For stock investors, June's job report could be a make-or-break factor next week in determining whether the recent rally has legs or not.
The monthly non-farm payrolls data will come out on Thursday, instead of the usual Friday. U.S. markets will be closed on Friday, July 3rd, for the long Fourth of July, or Independence Day, holiday weekend.
Investors will pick apart the job figures and reams of other economic data released during this four-day week to assess if recent signs of stabilization point to a sustainable economic recovery. Consumer confidence, the Institute for Supply Management's June index on U.S. manufacturing activity, and domestic car sales are among the major indicators on tap.
Although the U.S. economy has been mired in a recession since December 2007, investors' optimism has increased since early March amid growing signs that the extent of the economic slump is moderating.
That optimism has provided a crucial underpinning to stocks since the Standard & Poor's 500 Index <.SPX> hit a 12-year closing low on March 9. This spring, the S&P 500 climbed as much as 40 percent from that low; at Friday's close, it was still up 35.8 percent.
While unpleasant surprises may trigger a long-awaited correction, analysts said evidence of further economic stabilization would make the bulls grow bolder and help stocks break out of their recent consolidation range.
It is going to depend a lot on where the surprise is, said Peter Jankovskis, co-chief investment officer at OakBrook Investments LLC in Lisle, Illinois, referring to the non-farm payrolls data.
In the last report, people looked at the fact that the decline in payrolls was not nearly as large as expected, but the unemployment rate jumped tremendously. At the end of the day, that jump trumped things.
JOBLESS RATE NEAR 10 PERCENT
U.S. non-farm payrolls are forecast to lose 355,000 jobs in June versus May's slide of 345,000, according to economists polled by Reuters.
The U.S. unemployment rate is projected to jump to 9.6 percent in June from 9.4 percent in May.
We think that a spike in the rate of unemployment could actually be a positive, as it may signal that discouraged workers are coming in from the sidelines and starting to look for work again, said Phil Orlando, chief equity market strategist at Federated Investors in New York.
There may be something else that plays out next week, a sort of portfolio window dressing effect. There's still a ton of cash sitting on the sidelines right now.
At Friday's close, the three major U.S. stock indexes finished the week mixed. The blue-chip Dow Jones industrial average <.DJI> slipped 1.2 percent, while the S&P 500 dipped 0.3 percent, and the Nasdaq <.IXIC> gained 0.6 percent.
Holiday-shortened weeks tend to be volatile.
At the closing bell on Tuesday, Wall Street will write finis on trading for both the month of June and the second quarter.
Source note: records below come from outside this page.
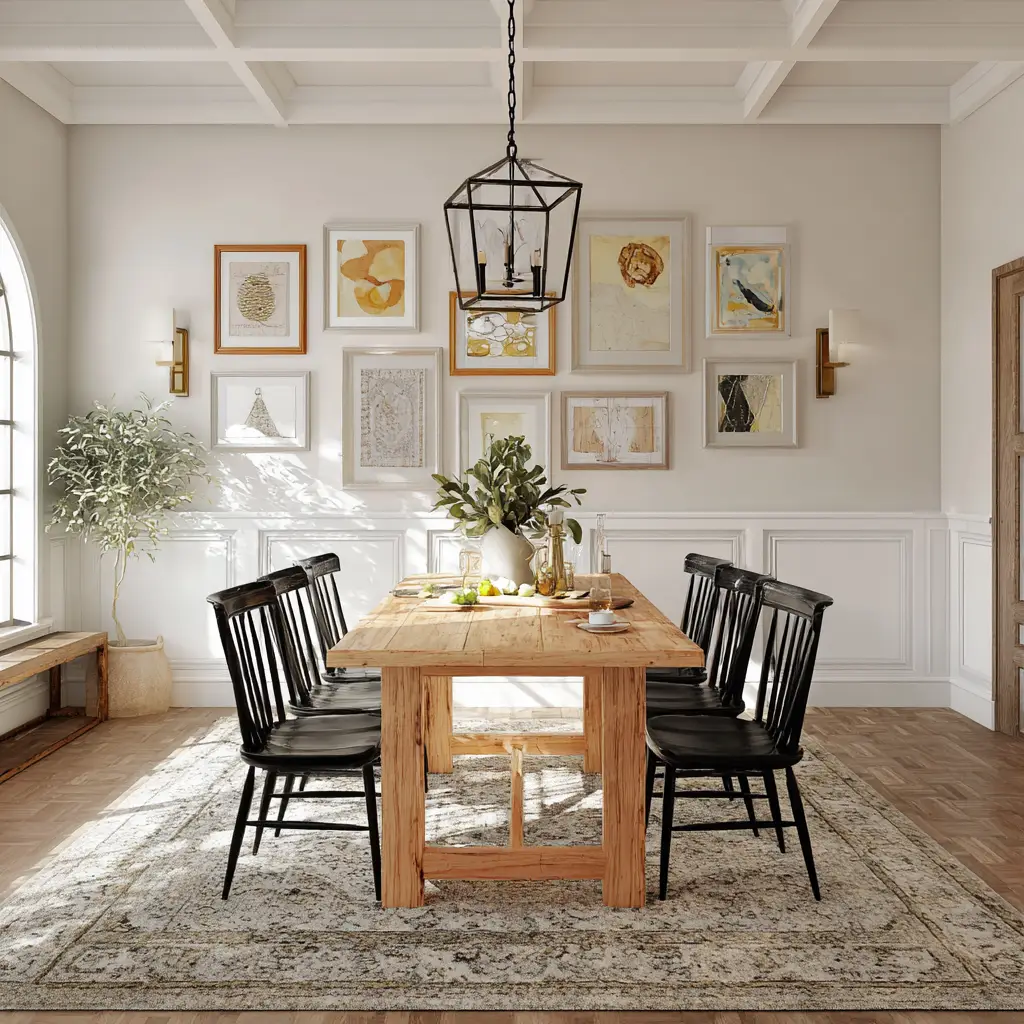 Display Art or a Gallery Wall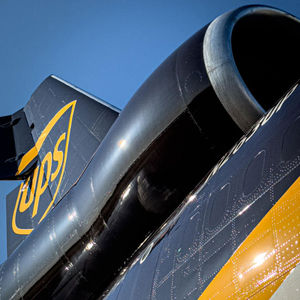 Image post by @ups on Instagram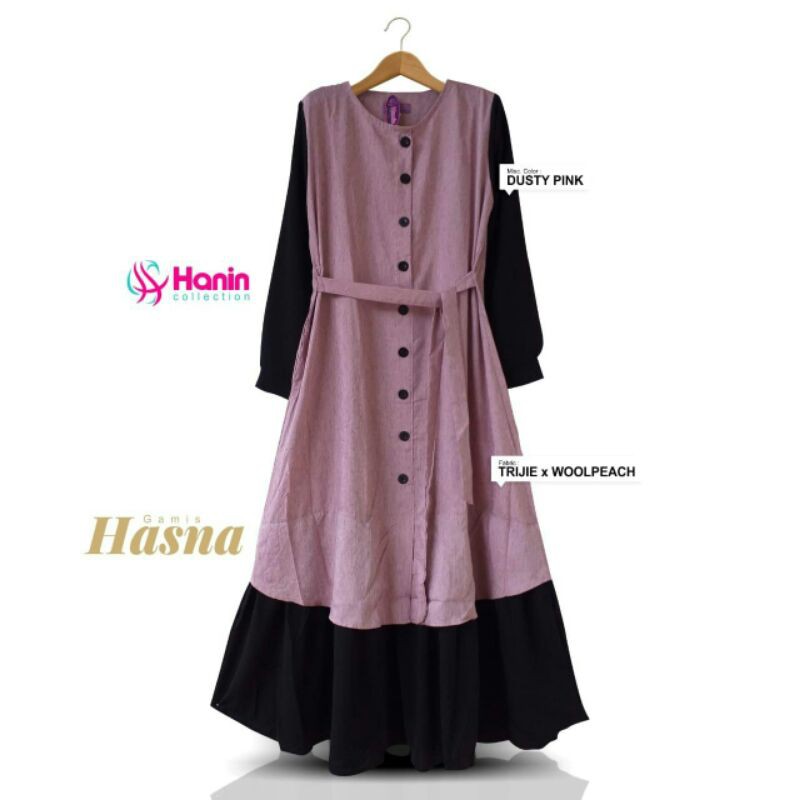 Gamis Hasna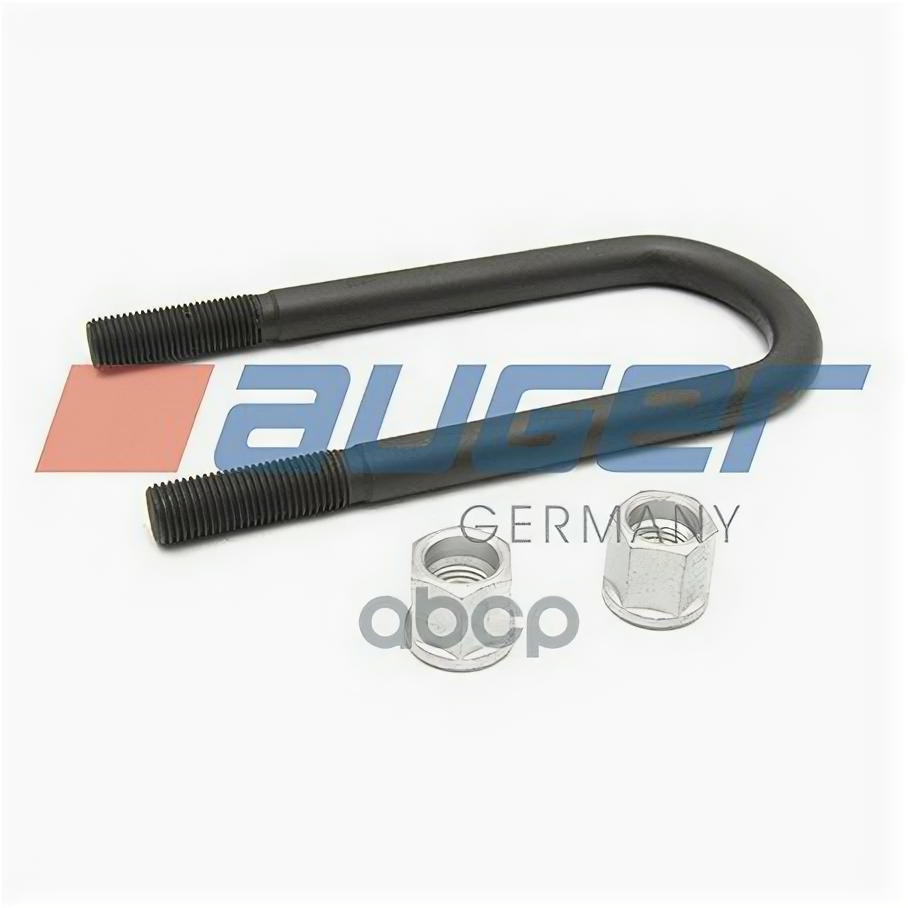 Хомут, Листовая Рессора AUGER арт. 77741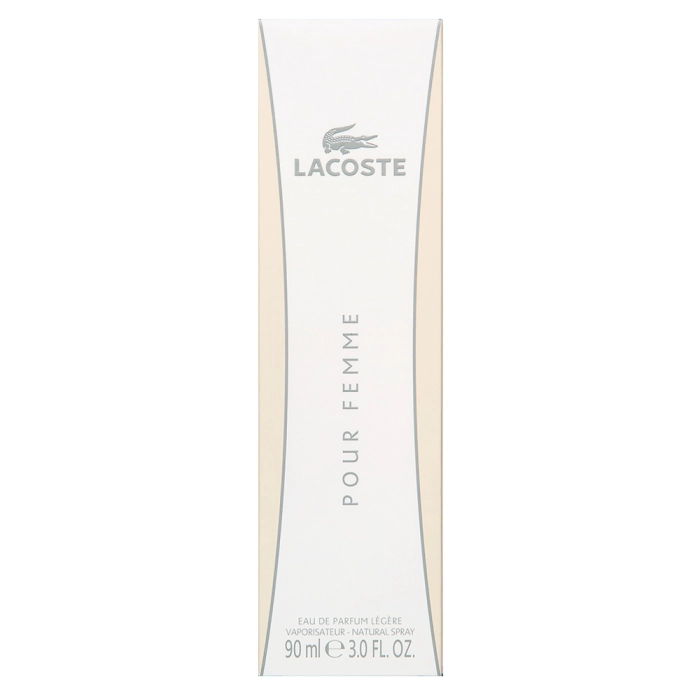 Lacoste Pour Femme Légére Eau de Parfum para mujer 90 ml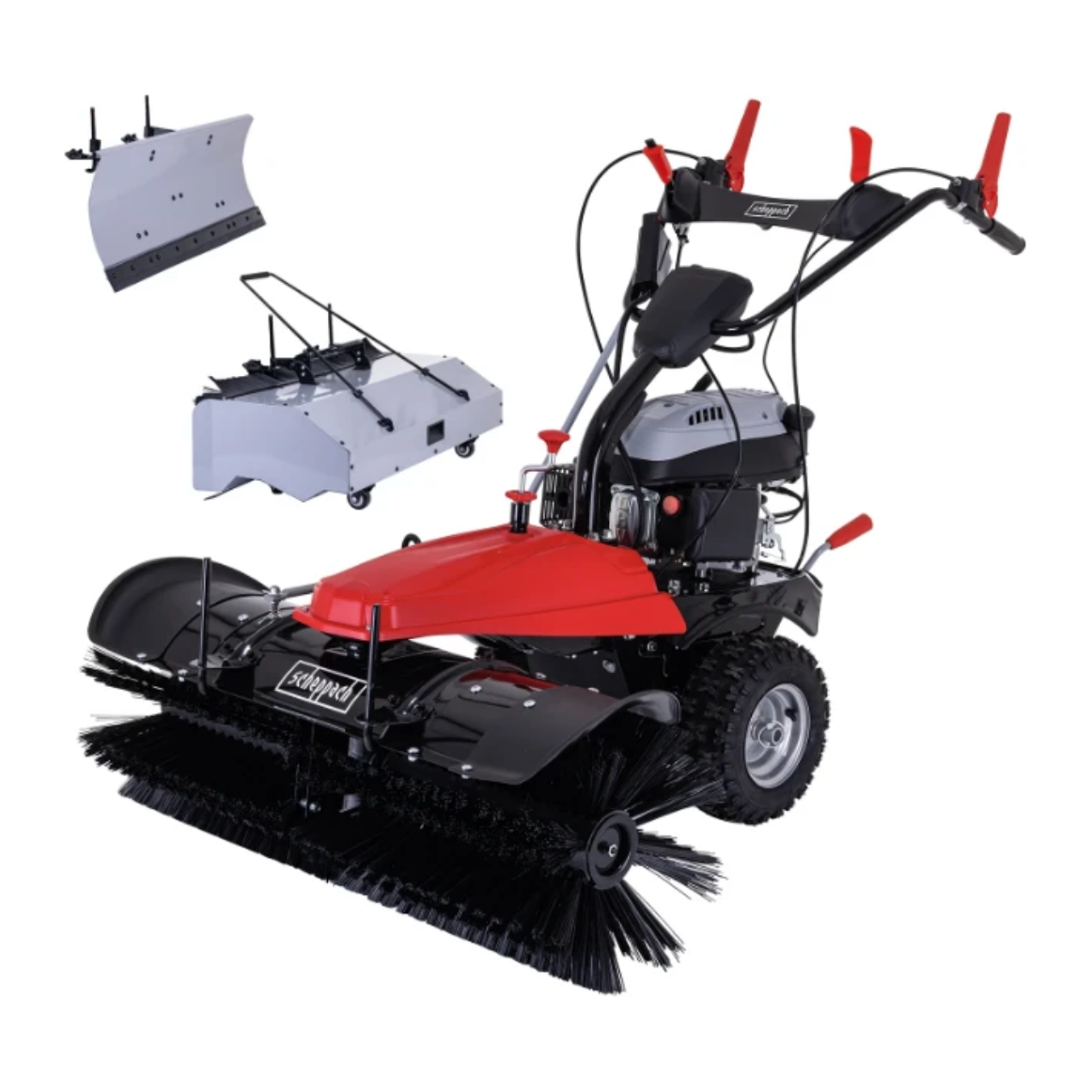 Scheppach Veegmachine SC2200PE Verwachte levertijd 2 weken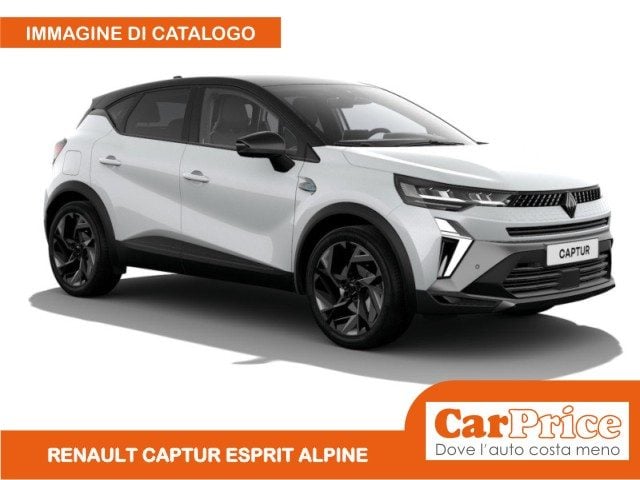 Renault Captur MY26 1.8 full hybrid E-Tech 160CV Esprit Alpine - foto 3 di 4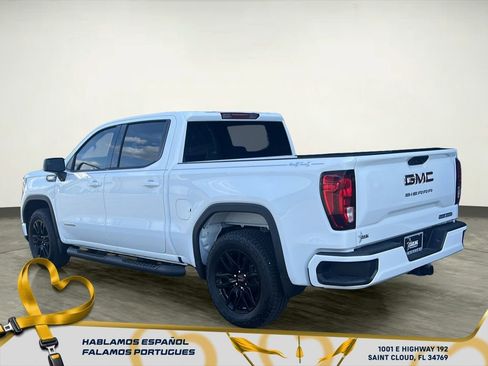New 2026 GMC Sierra 1500 Elevation image 4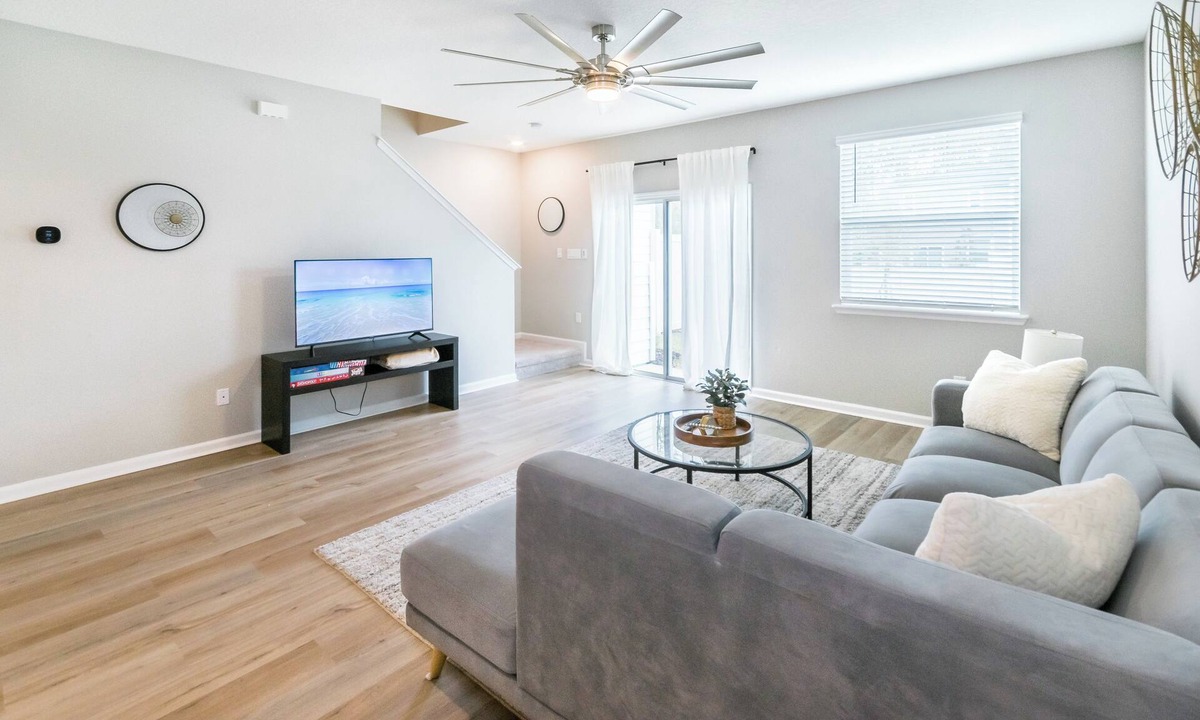 St. Augustine Apartment | Serene Shores: Your Modern Haven in St. Augustine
So there could be even more choppiness amid so-called window dressing next week. That ritual calls for money managers to dump some losers and snap up recent standouts to spruce up portfolios -- and their quarterly returns.
MADOFF AND MOUNDS OF NUMBERS
Besides the focus on the economy, the holiday-shortened week will feature what promises to be a big spectacle -- the sentencing on Monday of confessed swindler Bernard Madoff for running a $65 billion Ponzi scheme.
In addition to the U.S. Labor Department's June jobs data, other reports to watch next week will include Tuesday's S&P/Case-Shiller reading on April home prices, the Chicago Purchasing Managers Index of June business activity in the U.S. Midwest, and the Conference Board's June consumer confidence report.
The ADP national employment survey for June is due on Wednesday, along with the Institute for Supply Management's June reading on manufacturing, May pending home sales, May construction spending and June domestic car and truck sales.
On Thursday, there will also be weekly initial jobless claims, which in recent weeks have also tended to reinforce some hope of stabilization, and data on May factory orders.
It seems that the market is at least comfortable with the fact that the economy is on the horizon of the recovery. It's certainly not getting any worse, said Cleveland Rueckert, market analyst at Birinyi Associates Inc in Stamford, Connecticut.
Our research shows that the market typically bottoms at the end of the recession, so confirmation of that will fuel continued gains. We're bullish long term.
With the start of the second-quarter earnings season looming, investors will keep an eye out for companies' outlooks or pre-announcements. Aluminum producer Alcoa Inc
The Federal Reserve speakers' roster includes a speech by Federal Reserve Bank of St Louis President James Bullard on the Fed's exit strategies on Tuesday, the very same day that Federal Reserve Bank of Kansas City President Thomas Hoenig speaks on bankruptcy and financial crisis.